Some 75% of BiMo inspections in FY2000-2005 were surveillance inspections, which “generally focus on verifying the clinical trial data that sponsors submitted with their new product applications”, the OIG noted. Moreover, most surveillance inspections target completed trials, so they “cannot ensure that sponsors, clinical investigators and IRBs are taking the necessary actions to protect human subjects during the trials”. The OIG also estimated that FDA centres “at most” inspected around 6% of IRBs each year, or fewer than 40% of all IRBs in the six-year report period.
One finding highlighted by Republican Senator Charles Grassley, who had asked the OIG to review the FDA’s oversight of clinical trials, was that classifications of clinical trial inspections by the FDA’s Office of Regulatory Affairs and the its review centres were often inconsistent.
Specifically, between FY2000 and FY2005 CDER revised 68% of ORA’s OAI recommendations (the most serious classification) and the Center for Devices and Radiological Health revised 23% of these recommendations. In most cases the inspections were reclassified to voluntary action indicated (VAI), “a classification that neither requires the inspected entity to formally address violations the centre identified nor makes the classification publicly available”, the OIG pointed out.
“In other words,” added Senator Grassley, “the CDER often downgrades the seriousness of the clinical trial violation.”
The OIG’s report made the following recommendations for improvements to BiMo information systems and processes:
The FDA should:
- Develop a comprehensive internal database of clinical trials in order to more effectively identify and target ongoing studies for inspection.
- Create an IRB registry, which would allow the agency to target review boards more effectively for inspection.
- Create a cross-center database for comprehensive tracking of BiMo inspections.
- Establish a mechanism to provide feedback to BiMo investigators on their inspection reports and findings.
- Seek legal authority to provide “oversight that reflects current clinical trial practices”, taking in all stakeholders in the management and conduct of clinical studies.
The Food and Drug Administration Act of 2007 includes provisions to expand the NIH clinical trials registry to cover all ongoing clinical trials other than Phase I studies, not just those for serious or life-threatening conditions.

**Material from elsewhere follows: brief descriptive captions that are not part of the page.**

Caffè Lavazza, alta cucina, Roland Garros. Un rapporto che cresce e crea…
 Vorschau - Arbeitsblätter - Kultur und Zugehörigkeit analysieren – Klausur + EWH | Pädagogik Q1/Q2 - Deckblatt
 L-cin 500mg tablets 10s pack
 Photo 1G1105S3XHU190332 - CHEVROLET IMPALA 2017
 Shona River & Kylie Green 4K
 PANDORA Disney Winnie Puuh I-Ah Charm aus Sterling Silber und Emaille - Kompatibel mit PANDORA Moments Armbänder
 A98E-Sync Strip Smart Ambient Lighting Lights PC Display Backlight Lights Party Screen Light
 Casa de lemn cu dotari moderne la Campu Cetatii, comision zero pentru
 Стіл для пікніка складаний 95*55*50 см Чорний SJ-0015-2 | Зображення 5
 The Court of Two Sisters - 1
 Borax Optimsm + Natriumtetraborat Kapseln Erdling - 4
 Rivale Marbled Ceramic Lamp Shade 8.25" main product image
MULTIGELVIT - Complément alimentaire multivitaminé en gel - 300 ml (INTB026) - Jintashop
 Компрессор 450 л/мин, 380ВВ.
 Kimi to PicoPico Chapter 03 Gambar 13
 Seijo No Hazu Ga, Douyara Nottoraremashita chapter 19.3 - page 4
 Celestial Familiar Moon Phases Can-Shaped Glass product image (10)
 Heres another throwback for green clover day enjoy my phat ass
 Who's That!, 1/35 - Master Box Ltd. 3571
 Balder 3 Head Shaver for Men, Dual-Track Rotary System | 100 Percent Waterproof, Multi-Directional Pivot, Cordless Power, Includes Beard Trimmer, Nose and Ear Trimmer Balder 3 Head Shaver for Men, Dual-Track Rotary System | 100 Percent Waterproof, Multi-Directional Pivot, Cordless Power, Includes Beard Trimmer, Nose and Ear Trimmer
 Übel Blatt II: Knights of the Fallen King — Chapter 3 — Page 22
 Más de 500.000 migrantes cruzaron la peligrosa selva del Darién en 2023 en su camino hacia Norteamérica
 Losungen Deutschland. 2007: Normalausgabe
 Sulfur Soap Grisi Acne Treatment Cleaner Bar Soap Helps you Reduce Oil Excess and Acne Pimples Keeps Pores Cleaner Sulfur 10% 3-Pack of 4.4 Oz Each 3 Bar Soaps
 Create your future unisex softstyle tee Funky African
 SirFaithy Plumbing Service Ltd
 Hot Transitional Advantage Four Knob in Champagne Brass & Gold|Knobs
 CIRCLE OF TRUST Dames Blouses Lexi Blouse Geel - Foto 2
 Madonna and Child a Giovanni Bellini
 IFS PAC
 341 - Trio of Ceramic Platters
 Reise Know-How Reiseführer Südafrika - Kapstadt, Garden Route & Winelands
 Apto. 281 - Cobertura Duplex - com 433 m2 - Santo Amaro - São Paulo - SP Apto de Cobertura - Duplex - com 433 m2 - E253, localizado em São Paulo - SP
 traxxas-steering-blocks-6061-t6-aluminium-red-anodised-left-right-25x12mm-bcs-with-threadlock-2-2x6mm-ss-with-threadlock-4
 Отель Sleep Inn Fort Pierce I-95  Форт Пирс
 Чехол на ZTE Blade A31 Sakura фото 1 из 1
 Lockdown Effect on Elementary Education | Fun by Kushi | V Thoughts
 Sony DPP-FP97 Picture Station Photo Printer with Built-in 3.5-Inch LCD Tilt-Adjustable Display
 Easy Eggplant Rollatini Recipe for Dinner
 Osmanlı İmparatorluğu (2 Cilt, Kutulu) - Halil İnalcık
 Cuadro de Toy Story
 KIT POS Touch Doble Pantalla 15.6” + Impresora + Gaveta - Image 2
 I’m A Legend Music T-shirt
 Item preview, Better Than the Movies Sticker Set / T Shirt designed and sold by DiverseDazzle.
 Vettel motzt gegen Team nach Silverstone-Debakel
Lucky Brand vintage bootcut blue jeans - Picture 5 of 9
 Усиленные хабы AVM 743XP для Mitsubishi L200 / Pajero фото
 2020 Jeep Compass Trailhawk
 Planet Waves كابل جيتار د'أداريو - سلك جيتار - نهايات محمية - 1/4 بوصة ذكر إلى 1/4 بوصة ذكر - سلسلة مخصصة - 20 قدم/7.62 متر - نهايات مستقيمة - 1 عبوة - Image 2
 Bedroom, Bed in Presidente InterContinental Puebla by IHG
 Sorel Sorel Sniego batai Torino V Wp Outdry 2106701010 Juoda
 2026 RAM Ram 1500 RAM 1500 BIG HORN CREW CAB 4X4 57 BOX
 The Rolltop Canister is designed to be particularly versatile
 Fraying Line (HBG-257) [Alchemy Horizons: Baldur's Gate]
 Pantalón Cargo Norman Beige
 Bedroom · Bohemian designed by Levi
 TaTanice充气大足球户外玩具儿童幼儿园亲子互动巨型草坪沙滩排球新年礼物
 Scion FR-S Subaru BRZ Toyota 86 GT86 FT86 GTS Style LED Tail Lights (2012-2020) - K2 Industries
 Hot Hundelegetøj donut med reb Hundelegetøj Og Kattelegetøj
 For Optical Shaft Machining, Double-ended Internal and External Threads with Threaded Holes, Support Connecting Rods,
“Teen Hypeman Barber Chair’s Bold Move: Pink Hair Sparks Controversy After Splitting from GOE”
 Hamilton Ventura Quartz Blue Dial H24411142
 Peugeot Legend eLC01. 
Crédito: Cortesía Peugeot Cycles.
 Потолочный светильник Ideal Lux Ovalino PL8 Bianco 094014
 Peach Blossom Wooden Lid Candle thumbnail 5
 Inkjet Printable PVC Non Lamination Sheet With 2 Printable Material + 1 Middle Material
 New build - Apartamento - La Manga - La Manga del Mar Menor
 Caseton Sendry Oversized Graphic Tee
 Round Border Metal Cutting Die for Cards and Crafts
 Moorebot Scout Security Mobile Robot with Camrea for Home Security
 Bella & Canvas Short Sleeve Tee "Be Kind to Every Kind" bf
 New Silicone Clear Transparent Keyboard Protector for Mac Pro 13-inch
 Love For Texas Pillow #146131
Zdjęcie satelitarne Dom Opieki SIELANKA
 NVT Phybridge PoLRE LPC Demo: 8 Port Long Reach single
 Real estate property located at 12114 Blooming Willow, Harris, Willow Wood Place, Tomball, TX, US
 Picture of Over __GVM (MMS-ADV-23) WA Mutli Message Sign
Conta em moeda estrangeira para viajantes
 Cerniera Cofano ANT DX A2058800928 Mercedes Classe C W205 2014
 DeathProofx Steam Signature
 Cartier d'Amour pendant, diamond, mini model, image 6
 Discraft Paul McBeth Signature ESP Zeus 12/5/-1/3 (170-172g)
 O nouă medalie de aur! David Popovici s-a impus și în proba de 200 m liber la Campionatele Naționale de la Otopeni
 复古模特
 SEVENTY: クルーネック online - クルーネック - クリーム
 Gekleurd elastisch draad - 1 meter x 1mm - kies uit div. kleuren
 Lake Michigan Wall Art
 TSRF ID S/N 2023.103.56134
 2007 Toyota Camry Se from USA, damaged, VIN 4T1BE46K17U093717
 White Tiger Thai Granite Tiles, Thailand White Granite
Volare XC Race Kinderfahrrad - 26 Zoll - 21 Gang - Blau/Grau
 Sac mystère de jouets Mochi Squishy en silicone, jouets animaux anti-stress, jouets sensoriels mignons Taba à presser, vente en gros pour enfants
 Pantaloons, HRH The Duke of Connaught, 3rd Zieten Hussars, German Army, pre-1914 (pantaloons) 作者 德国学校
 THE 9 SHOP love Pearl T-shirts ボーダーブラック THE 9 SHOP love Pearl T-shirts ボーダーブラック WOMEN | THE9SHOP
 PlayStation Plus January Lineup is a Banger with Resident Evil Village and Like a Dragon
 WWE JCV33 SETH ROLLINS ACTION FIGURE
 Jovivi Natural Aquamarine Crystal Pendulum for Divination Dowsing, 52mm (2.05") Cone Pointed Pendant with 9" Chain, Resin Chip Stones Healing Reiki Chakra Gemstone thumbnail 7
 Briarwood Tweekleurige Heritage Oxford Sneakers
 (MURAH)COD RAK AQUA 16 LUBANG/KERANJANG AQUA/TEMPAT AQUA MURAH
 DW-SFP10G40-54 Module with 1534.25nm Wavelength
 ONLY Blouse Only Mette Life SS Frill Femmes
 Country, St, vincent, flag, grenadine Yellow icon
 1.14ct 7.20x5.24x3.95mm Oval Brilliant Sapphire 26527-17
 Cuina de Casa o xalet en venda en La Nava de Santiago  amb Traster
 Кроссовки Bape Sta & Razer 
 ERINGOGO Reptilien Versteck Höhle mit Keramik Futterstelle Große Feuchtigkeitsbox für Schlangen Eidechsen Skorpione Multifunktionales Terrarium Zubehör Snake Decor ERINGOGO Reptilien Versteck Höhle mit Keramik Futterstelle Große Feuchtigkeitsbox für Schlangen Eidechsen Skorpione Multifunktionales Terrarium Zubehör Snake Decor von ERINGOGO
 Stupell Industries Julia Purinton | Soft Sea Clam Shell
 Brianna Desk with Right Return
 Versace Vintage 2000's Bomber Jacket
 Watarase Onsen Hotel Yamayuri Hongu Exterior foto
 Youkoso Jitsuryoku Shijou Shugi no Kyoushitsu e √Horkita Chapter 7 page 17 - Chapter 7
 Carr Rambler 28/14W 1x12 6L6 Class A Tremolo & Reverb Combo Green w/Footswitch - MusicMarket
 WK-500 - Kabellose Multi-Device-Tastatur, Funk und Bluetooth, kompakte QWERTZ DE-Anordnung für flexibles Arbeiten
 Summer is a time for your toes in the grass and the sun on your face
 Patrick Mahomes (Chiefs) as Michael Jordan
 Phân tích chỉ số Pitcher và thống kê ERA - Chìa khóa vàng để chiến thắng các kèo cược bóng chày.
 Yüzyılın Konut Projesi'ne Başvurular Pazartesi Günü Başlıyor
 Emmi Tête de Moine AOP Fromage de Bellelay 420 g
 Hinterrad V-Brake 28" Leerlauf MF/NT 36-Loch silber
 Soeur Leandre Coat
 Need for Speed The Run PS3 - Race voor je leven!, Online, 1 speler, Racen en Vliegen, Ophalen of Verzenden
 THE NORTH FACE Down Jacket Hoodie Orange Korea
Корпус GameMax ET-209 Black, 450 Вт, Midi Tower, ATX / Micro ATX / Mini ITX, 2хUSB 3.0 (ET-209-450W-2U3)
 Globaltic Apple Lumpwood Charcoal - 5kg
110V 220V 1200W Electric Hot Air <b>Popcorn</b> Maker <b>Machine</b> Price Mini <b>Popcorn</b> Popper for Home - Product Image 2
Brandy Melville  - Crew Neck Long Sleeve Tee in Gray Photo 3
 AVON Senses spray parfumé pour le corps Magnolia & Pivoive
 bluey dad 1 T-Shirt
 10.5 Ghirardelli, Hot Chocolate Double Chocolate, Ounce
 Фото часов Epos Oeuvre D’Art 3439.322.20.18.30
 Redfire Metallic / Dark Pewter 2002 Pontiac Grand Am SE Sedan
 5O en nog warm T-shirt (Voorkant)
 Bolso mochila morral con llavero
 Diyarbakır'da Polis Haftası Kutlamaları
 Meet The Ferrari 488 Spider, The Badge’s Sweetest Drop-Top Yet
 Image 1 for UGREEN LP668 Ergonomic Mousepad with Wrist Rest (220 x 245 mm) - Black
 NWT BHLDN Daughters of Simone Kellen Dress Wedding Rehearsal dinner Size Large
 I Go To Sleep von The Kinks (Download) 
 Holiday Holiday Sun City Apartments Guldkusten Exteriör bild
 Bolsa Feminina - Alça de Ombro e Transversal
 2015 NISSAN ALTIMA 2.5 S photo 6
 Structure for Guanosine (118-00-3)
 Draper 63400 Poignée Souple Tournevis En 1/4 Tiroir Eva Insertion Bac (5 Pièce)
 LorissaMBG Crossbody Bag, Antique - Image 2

The FDA concurred with four of the OIG’s recommendations but did not address the issue of providing feedback to BiMo inspectors. The agency also pointed out that the report focused “on only one component of human subject protection and bioresearch monitoring, namely inspections”.
Protecting human subjects was “a broad mandate and the programmes are numerous”, the FDA commented. “In fact, FDA believes the most important component of the BiMo programme in protecting human subjects is the protocol review. In order to ensure the highest degree of human subject protection, FDA carefully scrutinises all protocols submitted to the agency and will require sponsors to revise protocols as necessary, thus ensuring the greatest protection of human subjects before a clinical investigation even begins.”